Despite the availability of effective systemic therapies, a significant number of advanced melanoma patients develop brain metastases. In the SECOMBIT study patients received the combination of encorafenib/binimetinib (E+B) as targeted therapy (T-T) or the combination of ipilimumab/nivolumab (I+N) as immunotherapy (I-O). In the present analysis, we updated survival outcomes and investigated if the incidence of and timing to brain metastasis onset were significantly different in patients receiving T-T (Arm A) or I-O (Arm B) as first line with switch at progression, as well as the “sandwich” strategy with T-T first preplanned switched to combo I-O after 8 weeks, returning back to T-T after progression (Arm C). In our previous reports, 4-year survival outcomes confirmed long-term benefit in ARM B and C pts. We also described preliminary biomarkers analyses where the loss-of-function affecting JAK or low baseline levels of serum interferon gamma (IFNy) are correlated to PFS and OS.

Methods

From Nov 2016 to May 2019, of 251 pts enrolled, 69 were randomized in ARM A, 71 pts in ARM B and 69 pts in ARM C. BMFS (Brain Metastasis Free Survival) was defined as time from start of first systemic therapy until new brain metastasis detection or last pts contact (censored BMFS). The Kaplan-Meier method was used to estimate OS and PFS. The median follow up was 43 months (IQR: 37-51).

Results

Pts treated in arm B and C had a lower risk to develop brain metastasis compared to pts in arm A. Brain metastasis occurred during first line treatment, in 17, 6, and 8 patients, respectively, treated in ARM A, B and C. During the study, an intracranial progression was detected in a total of 23, 11 and 9 patients in ARM A, B and C. The exploratory HR for BMFS was of 0.51 (0.25-1.04) for ARM B vs ARM A, and 0.37 (0.17-0.81) for ARM C vs ARM A. In the biomarker analysis, pts with high tumor mutational burden (TMB, ≥10 mut/mb) had an improved BMFS compared with pts with low TMB [HR 0.20 (0.05-0.95)]. JAK mutated pts had a better BMFS compared to wild type pts [HR 0.26 (0.06-1.12)].

Conclusions

Patients in ARM B and C had a longer BMFS compared with pts who started treatment with T-T. BMFS rate at 4 years was better in TMB high and in JAK mutated pts. At the time of the meeting it will also be reported the 5-years OS data.

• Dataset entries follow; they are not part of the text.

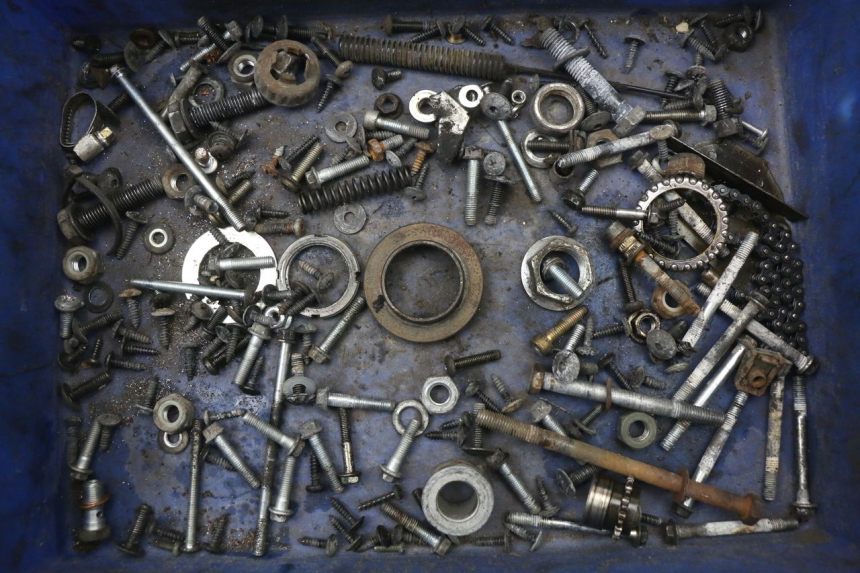 photo de ZAK SCHROEVEN EN BEVESTIGINGSMATERIAAL RENAULT KOURANOS 125 (2001 - 2004) - Hoofdaanzicht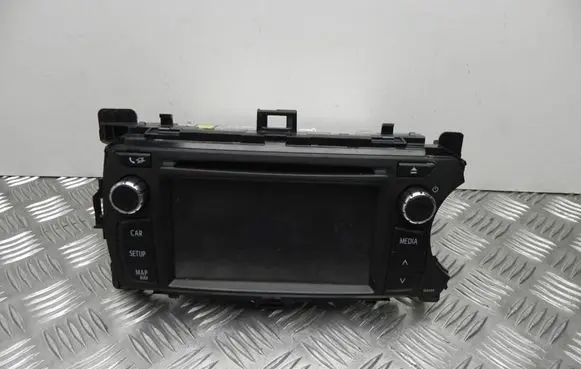 Toyota Yaris Radio/CD/DVD/GPS head unit 861400D060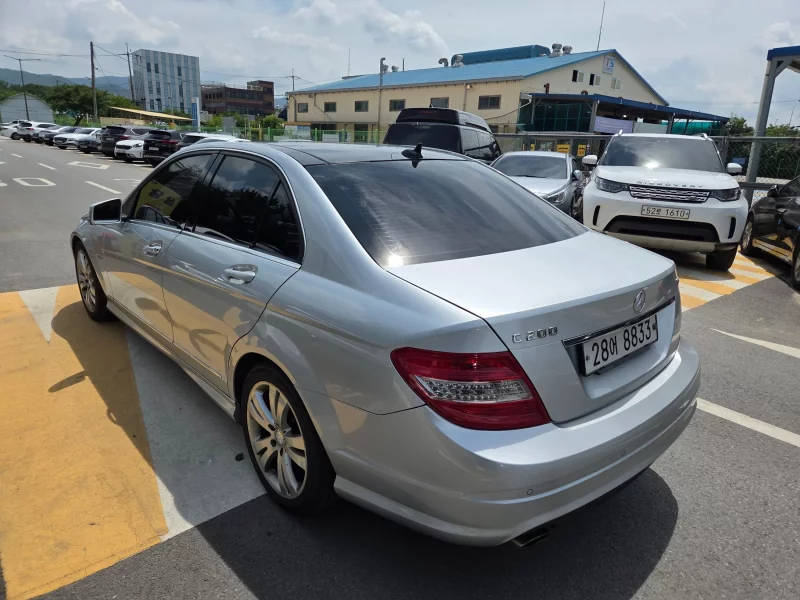 Mercedes-Benz C-Class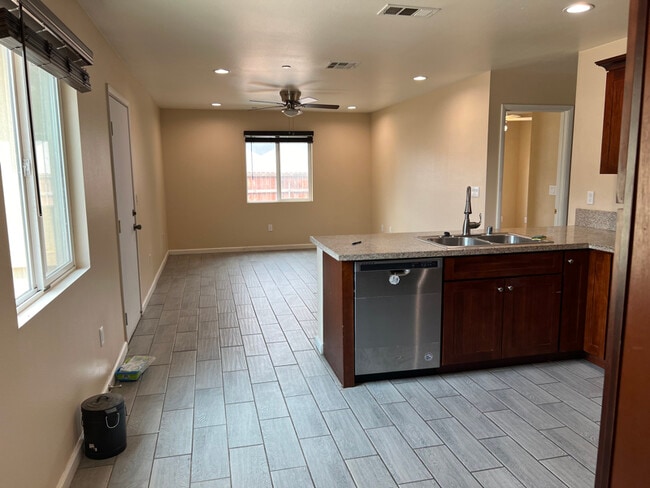 Foto del edificio - 10627 Lind Ave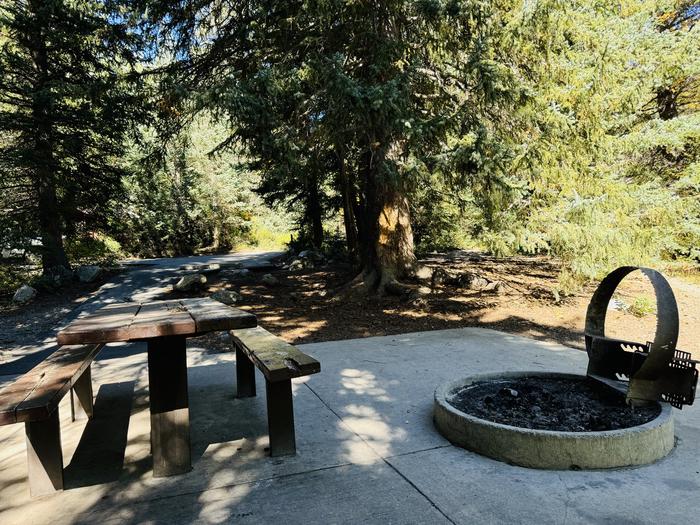 A photo of Site 055 of Loop SPIKE CAMP. Area B at GRANITE FLAT (UTAH)  with Picnic Table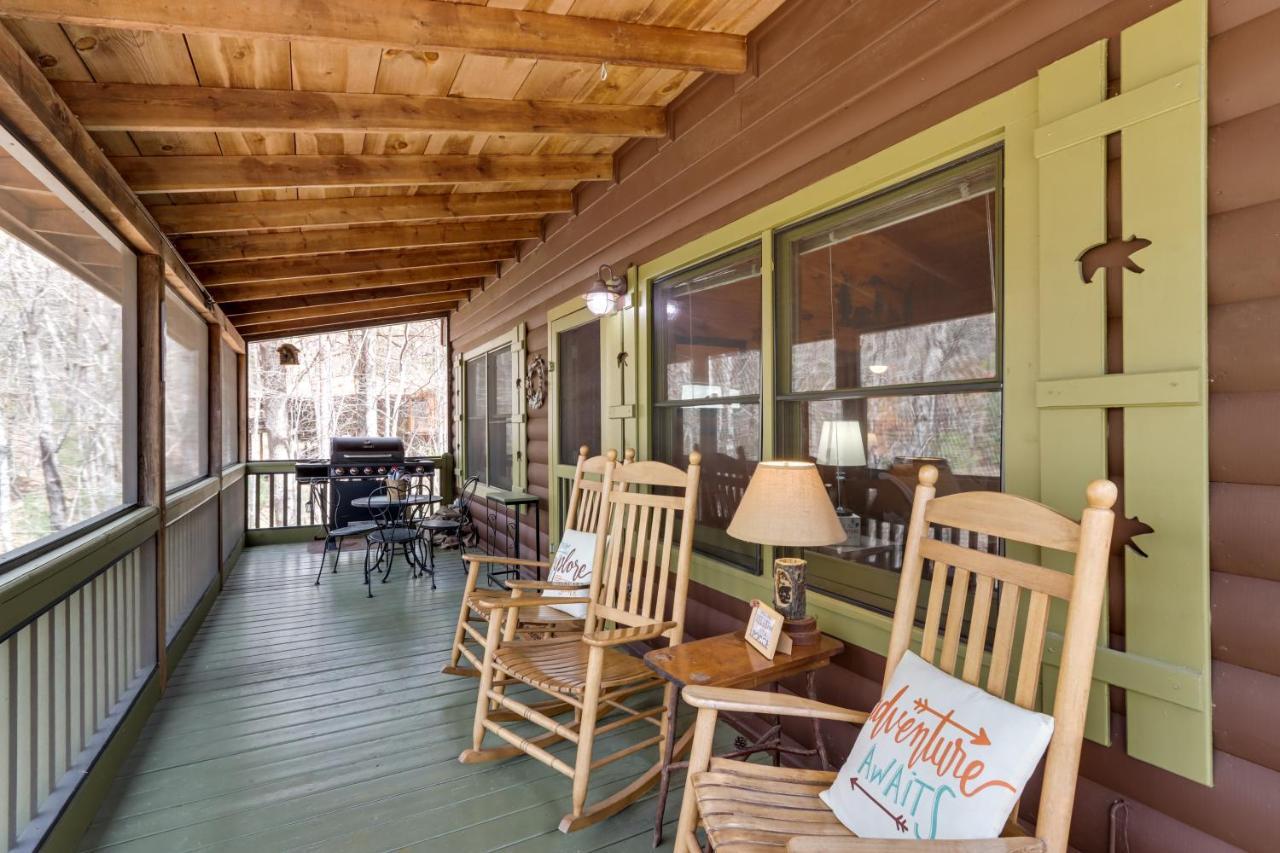 Blue Ridge Cozy Cabin In The Woods With Hot Tub! Exteriör bild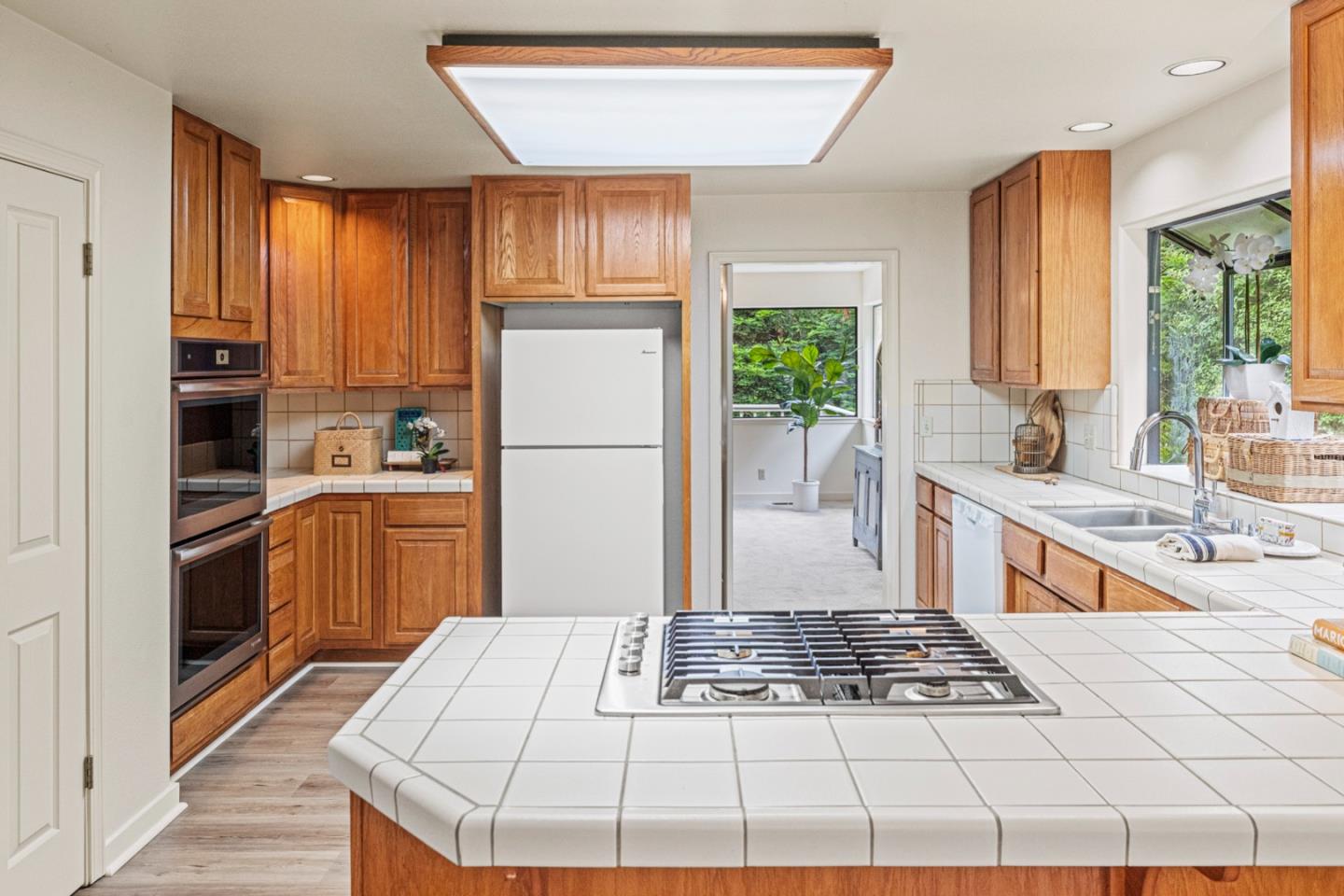 Detail Gallery Image 10 of 25 For 23 Cramden Dr, Monterey,  CA 93940 - 4 Beds | 3/1 Baths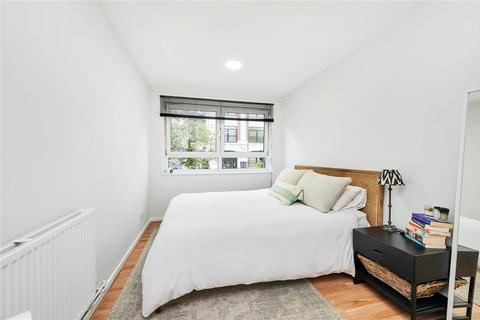 50 Walham Green Court, London, SW6 2DE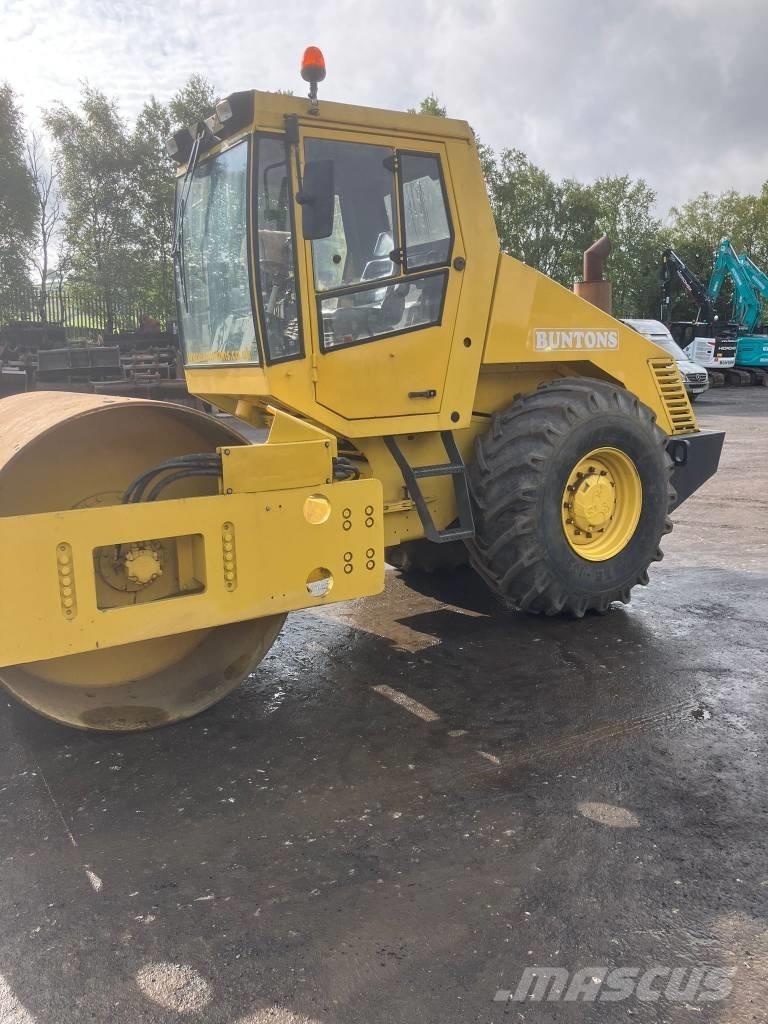 Bomag BW 213 Valjci sa jednim bubnjem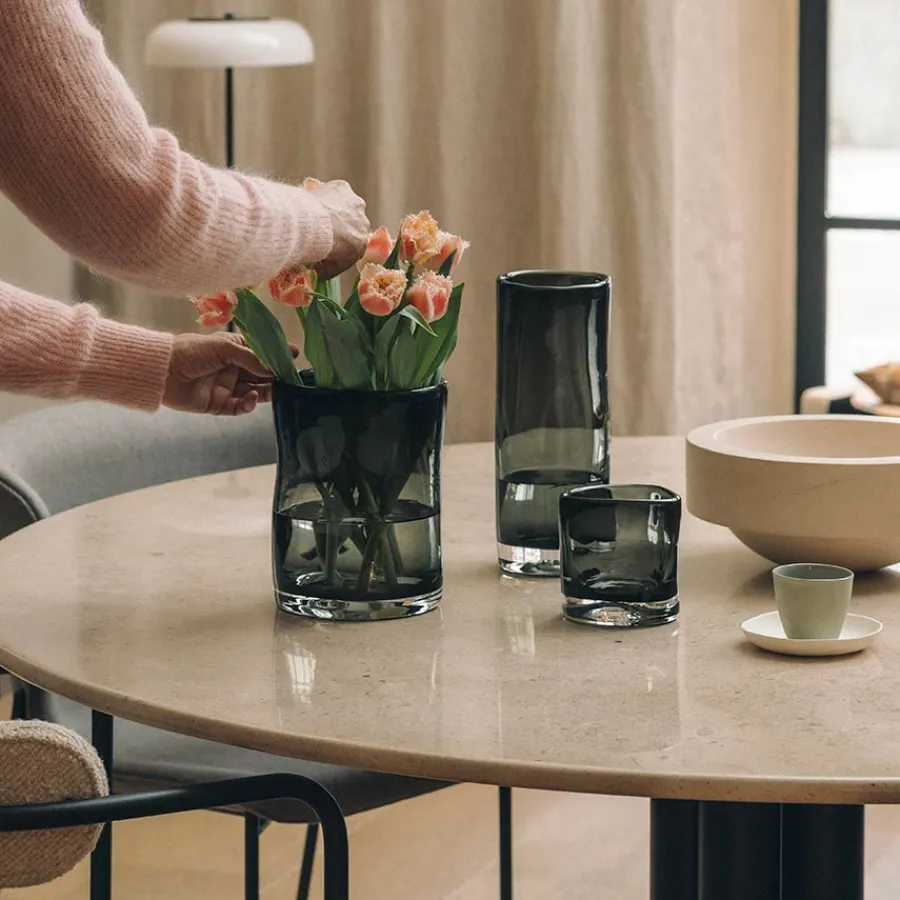 HADELAND GLASSVERK Sine Vase 29,5x11cm Røkgrå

Clinical trial identification

NCT02631447.

Editorial acknowledgement

Legal entity responsible for the study

Fondazione Melanoma.

Funding

This study was supported by unconditioned grants from Bristol Myers Squibb (Princeton, NJ) and Array Biopharma Inc./Pfizer (Boulder, CO).

Disclosure

P.A. Ascierto: Financial Interests, Personal, Advisory Board: Bristol Myers Squibb, Roche-Genentech, Merck Sharp & Dohme, Novartis, Merck Serono, Pierre Fabre, AstraZeneca, Sun Pharma, Sanofi, Idera, Sandoz, Immunocore, 4SC, Italfarmaco, Nektar, Boehringer Ingelheim, Eisai, Regeneron, Daiichi Sankyo, Pfizer, OncoSec, Nouscom, Lunaphore, Seagen, iTeos, Medicenna. All other authors have declared no conflicts of interest.